Depuis la présentation de la nouvelle loi Covid -qui généralisera le CovidCheck- la semaine dernière, Xavier Bettel a reçu des menaces de mort et sa protection personnelle a dû être renforcée par la police. C'est ce qu'a laissé entendre le Premier ministre dans son discours à la Chambre des députés ce jeudi midi.

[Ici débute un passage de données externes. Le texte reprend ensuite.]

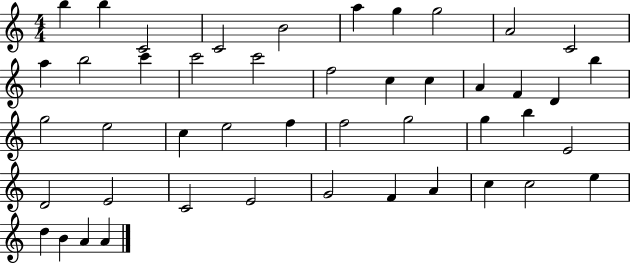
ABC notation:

X:1
T:Untitled
M:4/4
L:1/4
K:C
b b C2 C2 B2 a g g2 A2 C2 a b2 c' c'2 c'2 f2 c c A F D b g2 e2 c e2 f f2 g2 g b E2 D2 E2 C2 E2 G2 F A c c2 e d B A A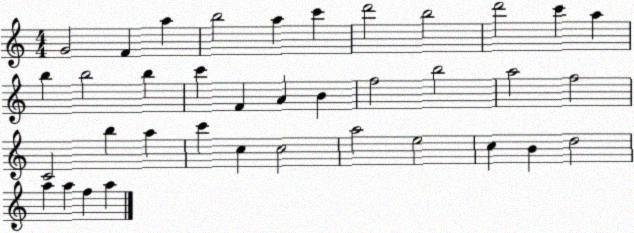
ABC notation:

X:1
T:Untitled
M:4/4
L:1/4
K:C
G2 F a b2 a c' d'2 b2 d'2 c' a b b2 b c' F A B f2 b2 a2 f2 C2 b a c' c c2 a2 e2 c B d2 a a f a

"C'est ce qui m'a été proposé la semaine dernière, c'est pas de gaieté de cœur. Je ne le souhaite à personne, et je suis persuadé que beaucoup d'entre vous ont également reçu ces derniers jours des messages qui ne nous souhaitent pas grand-chose de bien. C'est pourquoi quand on parle de liberté, je suis totalement pour la liberté, mais il faut juste prendre garde au ton utilisé", a glissé le Premier ministre.

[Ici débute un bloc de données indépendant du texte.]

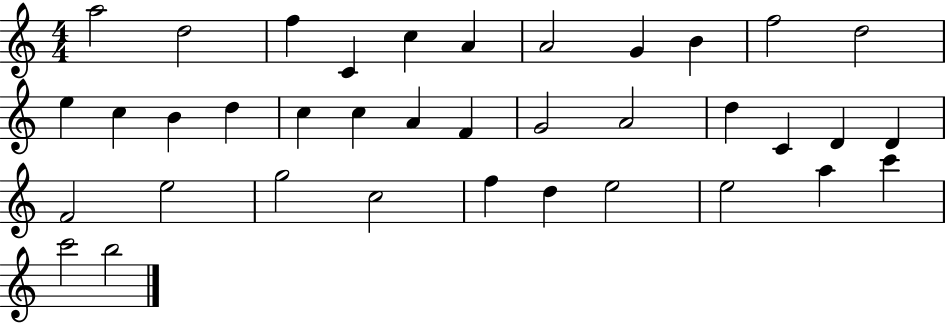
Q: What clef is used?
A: treble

"Quand je reçois des menaces de mort et que la police doit renforcer ma protection, parce que quelqu'un me dit qu'il va me tuer ou chercher une balle et une arme. Je vous passe les plus désagréables de ces choses, que j'ai reçues ces derniers jours. Alors il faut juste savoir que ces gens me disent, arrêtez avec ces vaccinations, nous en avons assez entendu, nous ne voulons plus en entendre parler. Pour nous il est important de continuer à informer malgré tout les gens qui veulent être informés.”

Le gouvernement veut poursuivre ses efforts pour informer les gens qui souhaitent être informés, selon Xavier Bettel. La généralisation du régime CovidCheck n'est pas une obligation vaccinale, a ajouté le Premier ministre.

Tout le monde a la possibilité de se faire vacciner gratuitement. Au cours des deux derniers jours, presque deux fois plus de personnes se sont fait vacciner que la semaine précédente.